Problem statement: Among the entries below, extract exactly the lines that run from the one with "Belebte, belebte Honey" through the one with "Crepe and chiffon", both ends included.

Record extracts:
⟨

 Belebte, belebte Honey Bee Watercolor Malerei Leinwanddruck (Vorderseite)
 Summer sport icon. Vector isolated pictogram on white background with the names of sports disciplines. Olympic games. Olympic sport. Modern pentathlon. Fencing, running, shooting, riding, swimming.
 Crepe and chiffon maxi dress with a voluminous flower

⟩
⟨

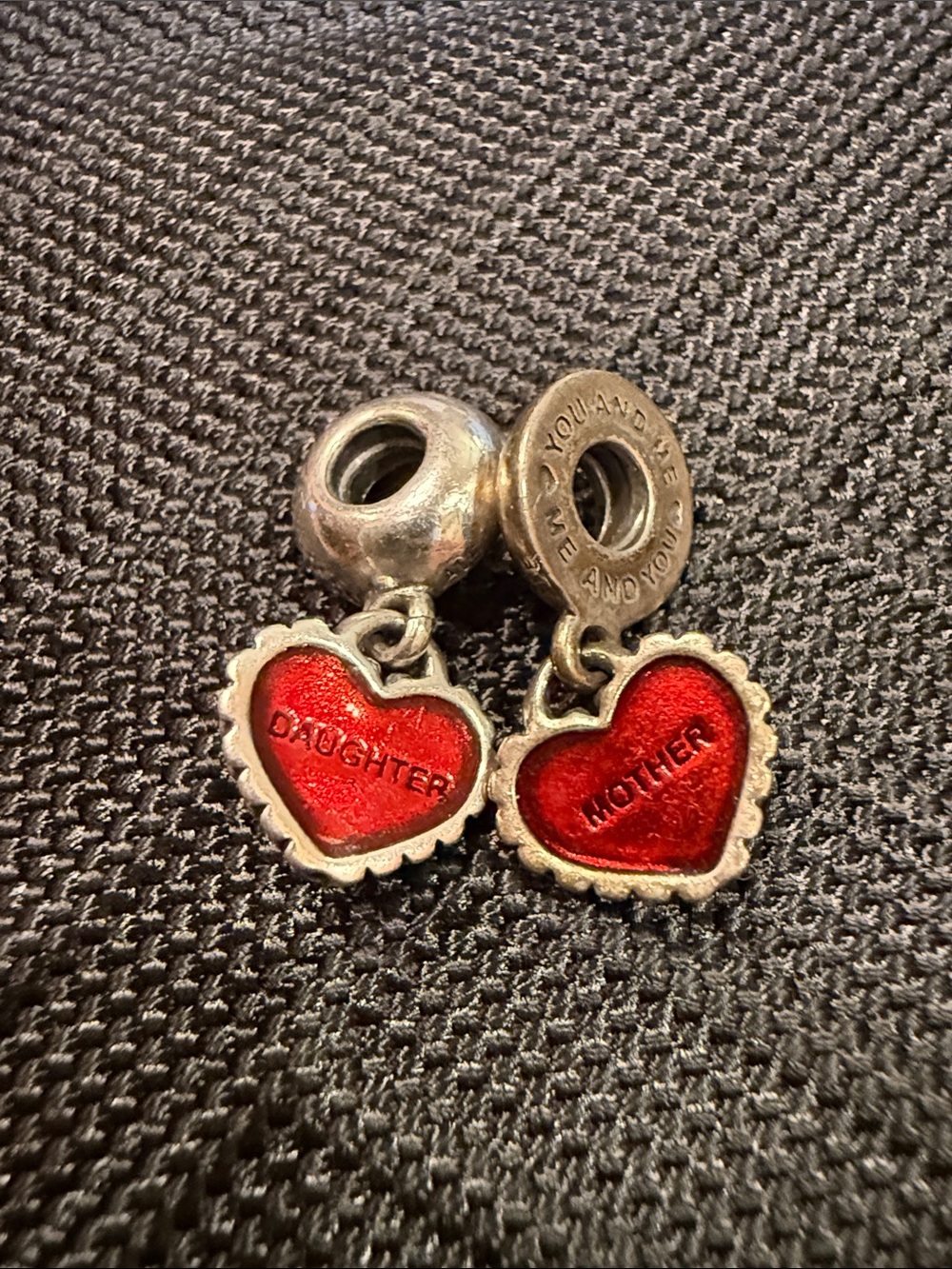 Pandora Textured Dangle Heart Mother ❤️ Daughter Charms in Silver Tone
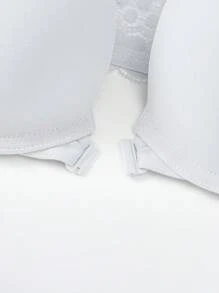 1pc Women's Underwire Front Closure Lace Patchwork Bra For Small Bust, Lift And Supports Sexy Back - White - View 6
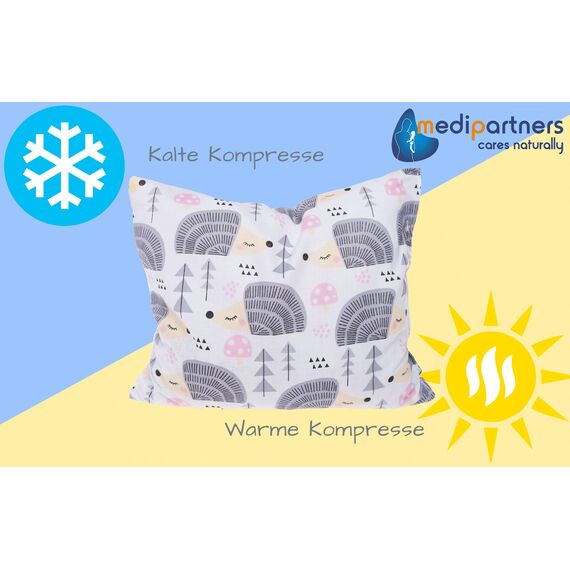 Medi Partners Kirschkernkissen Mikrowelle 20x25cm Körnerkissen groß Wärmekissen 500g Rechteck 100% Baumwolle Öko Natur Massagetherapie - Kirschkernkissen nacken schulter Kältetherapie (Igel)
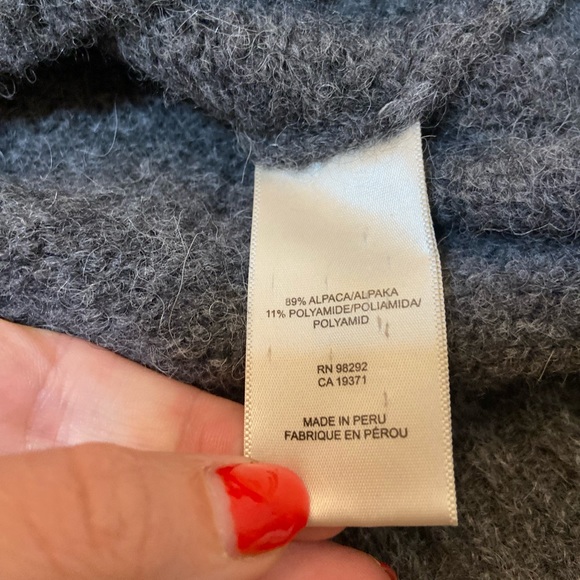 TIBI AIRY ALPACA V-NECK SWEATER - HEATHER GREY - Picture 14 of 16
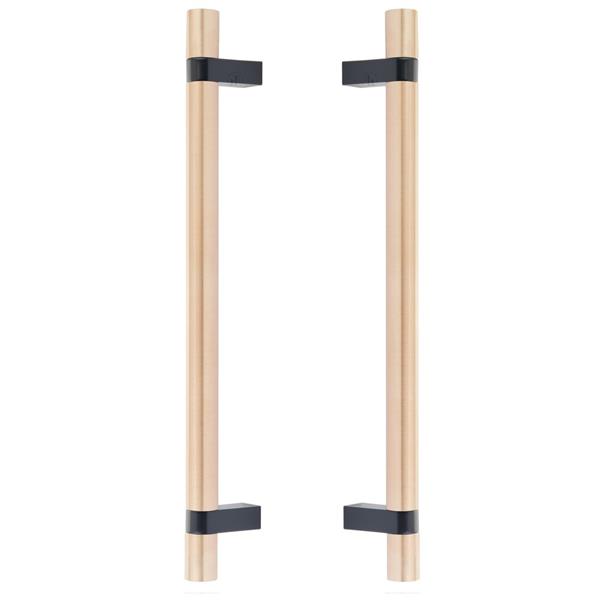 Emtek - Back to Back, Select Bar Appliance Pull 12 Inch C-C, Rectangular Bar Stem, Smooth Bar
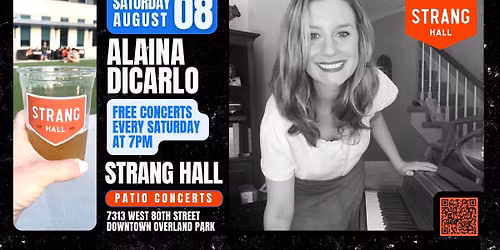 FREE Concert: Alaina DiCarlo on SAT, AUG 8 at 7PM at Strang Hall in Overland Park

⟩
⟨

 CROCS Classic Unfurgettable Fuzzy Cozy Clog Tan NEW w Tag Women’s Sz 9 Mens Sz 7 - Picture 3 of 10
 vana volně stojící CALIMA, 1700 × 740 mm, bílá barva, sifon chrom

⟩

Exercise result:
 Belebte, belebte Honey Bee Watercolor Malerei Leinwanddruck (Vorderseite)
 Summer sport icon. Vector isolated pictogram on white background with the names of sports disciplines. Olympic games. Olympic sport. Modern pentathlon. Fencing, running, shooting, riding, swimming.
 Crepe and chiffon maxi dress with a voluminous flower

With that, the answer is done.